Because of this, UNION ALL is significantly faster than UNION. The UNION operator must perform an expensive sort or hashing operation on the entire combined data set to find and eliminate the duplicates. UNION ALL simply appends the data, avoiding this entire step. As a best practice, you should always use UNION ALL unless you have a specific business requirement to remove duplicates.”

Q2: Give me a practical business scenario for using UNION and another for UNION ALL.

Your Expert Answer:

  • “Scenario for UNION: Creating a master, unique list of contacts for a marketing email campaign. You would UNION the Customers table, the Leads table, and the Partners table. You need UNION because you don’t want to send the same person three emails just because they exist in all three tables. Correctness and uniqueness are the goal.

  • “Scenario for UNION ALL: Generating a comprehensive audit log. Imagine you have an Audit_Log_Q1 table and an Audit_Log_Q2 table. To get a full history, you would use UNION ALL. Here, every single event is important, and duplicates might represent a user performing the same action twice, so removing them would destroy information. Performance is also key, and UNION ALL is the fastest way to combine these logs.”
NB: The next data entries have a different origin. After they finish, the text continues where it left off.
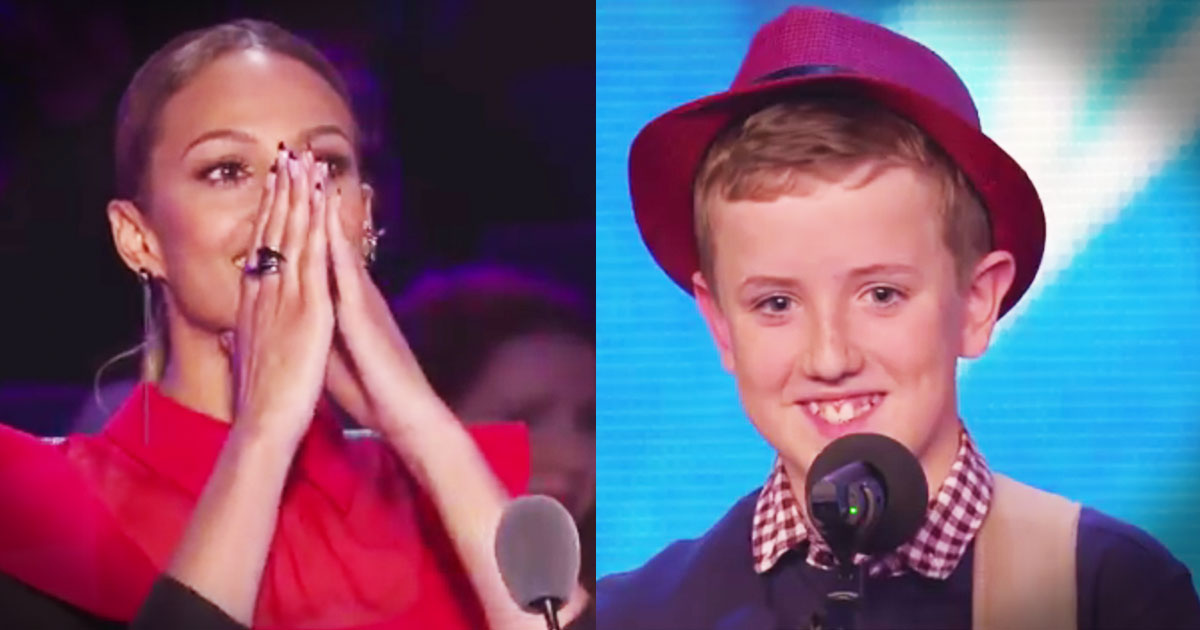 12-Year-Old KILLS His Audition With A Song HE Wrote--Aww!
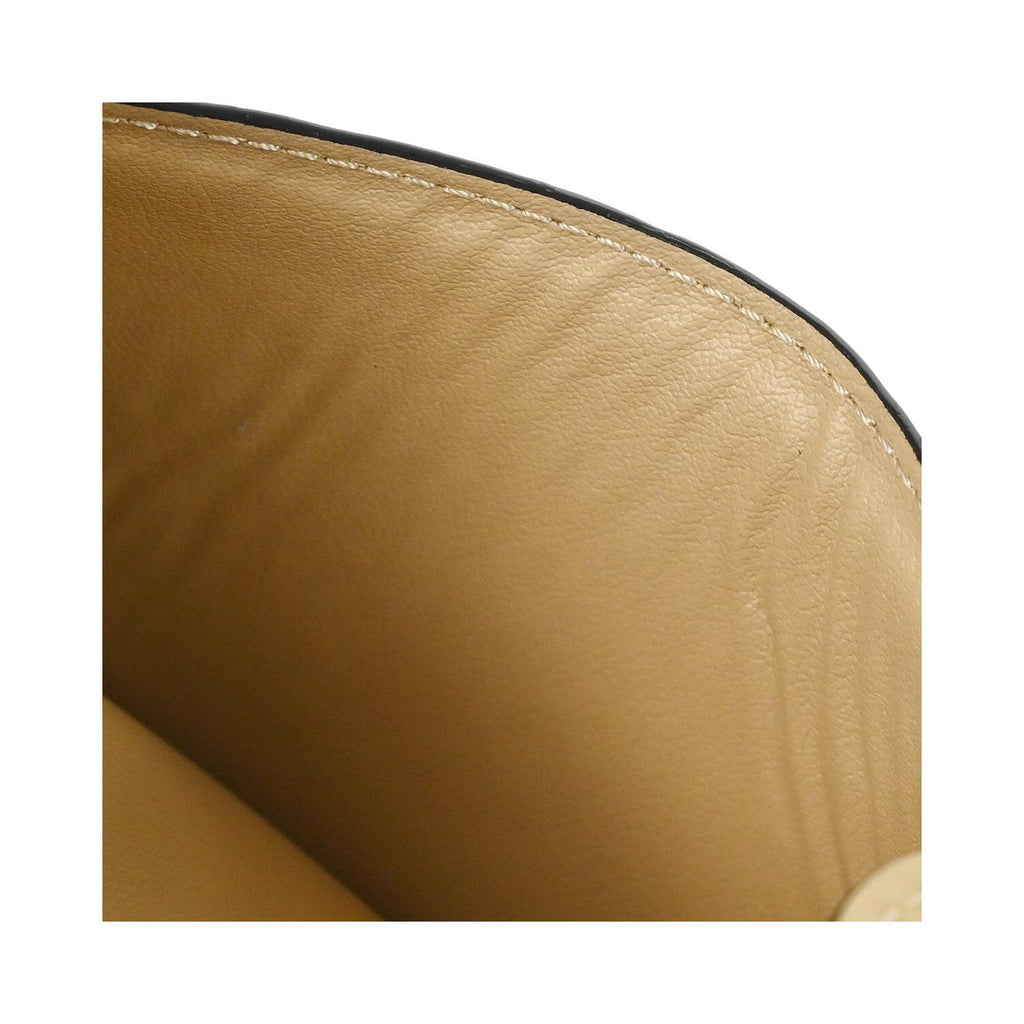 Portefeuille Louis Vuitton Pochette Clés Nm Cuir Verni - Beige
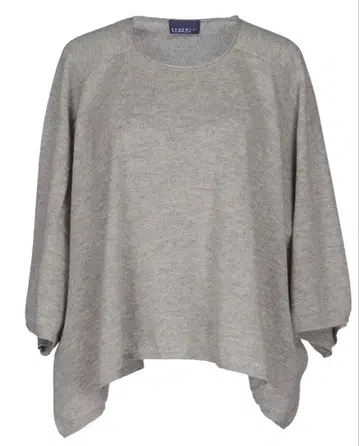 캐시미어 그레이 오버 사이즈 스웨터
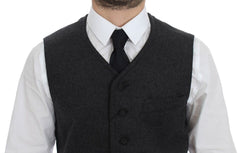 Dolce & Gabbana Grijs Wolmix Logo Vest Gilet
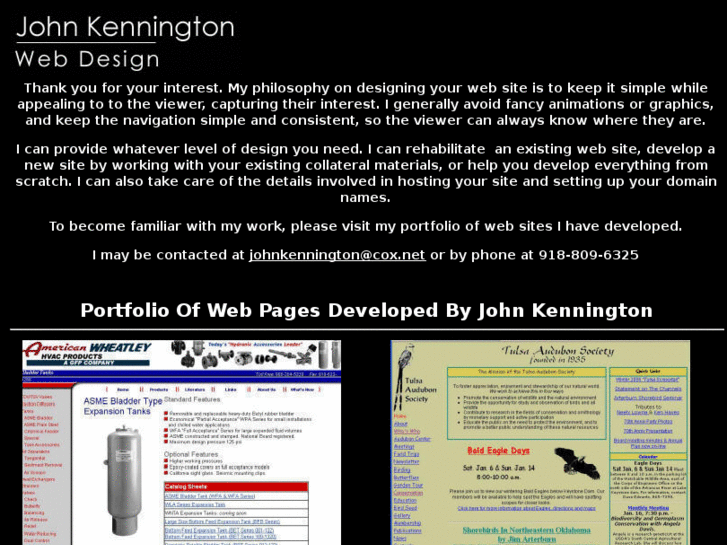 www.johnkenningtonwebdesign.com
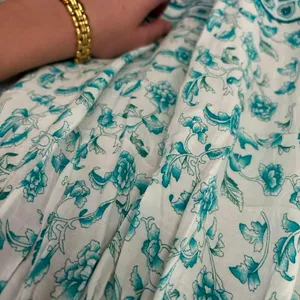 turquoise flowy mini dress Blue thumbnail 1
Q3: We’ve discussed that MySQL does not have a native FULL OUTER JOIN. How can you emulate one?

This is an advanced question that combines JOINs and UNION to test deep SQL knowledge.

Your Expert Answer: “You can perfectly emulate a FULL OUTER JOIN by combining a LEFT JOIN and a RIGHT JOIN with a UNION operator.

The logic is as follows:

  1. The LEFT JOIN will get all rows from Table A, plus any matching rows from Table B.
  2. The RIGHT JOIN will get all rows from Table B, plus any matching rows from Table A.
  3. The rows that exist in both tables (the intersection) are present in both the left and right join results. Using UNION (not UNION ALL) on these two results will combine them and, crucially, automatically de-duplicate the intersection, giving you the clean result of a FULL OUTER JOIN.

Here is the pattern:”

-- Select all customers and any orders they have
SELECT c.FirstName, o.OrderID
FROM Customers AS c
LEFT JOIN Orders AS o ON c.CustomerID = o.CustomerID
UNION -- The key operation that combines and de-duplicates
-- Select all orders and any customers they have
SELECT c.FirstName, o.OrderID
FROM Customers AS c
RIGHT JOIN Orders AS o ON c.CustomerID = o.CustomerID;

Q4: How do you sort the result of a UNION?

Your Expert Answer: “An ORDER BY clause can only be placed at the very end of the entire UNION statement. It operates on the final, combined result set. It’s also important to remember that it must refer to the column names or aliases defined in the first SELECT statement.”

-- Get all customer and lead names, then sort the combined list alphabetically.
SELECT
Name AS ContactName,
'Customer' AS Source
FROM Regular_Customers
UNION ALL
SELECT
Name AS LeadName, -- This alias is ignored
'Lead' AS Origin -- This alias is ignored
FROM Leads
ORDER BY ContactName ASC; -- Must use the alias from the FIRST select.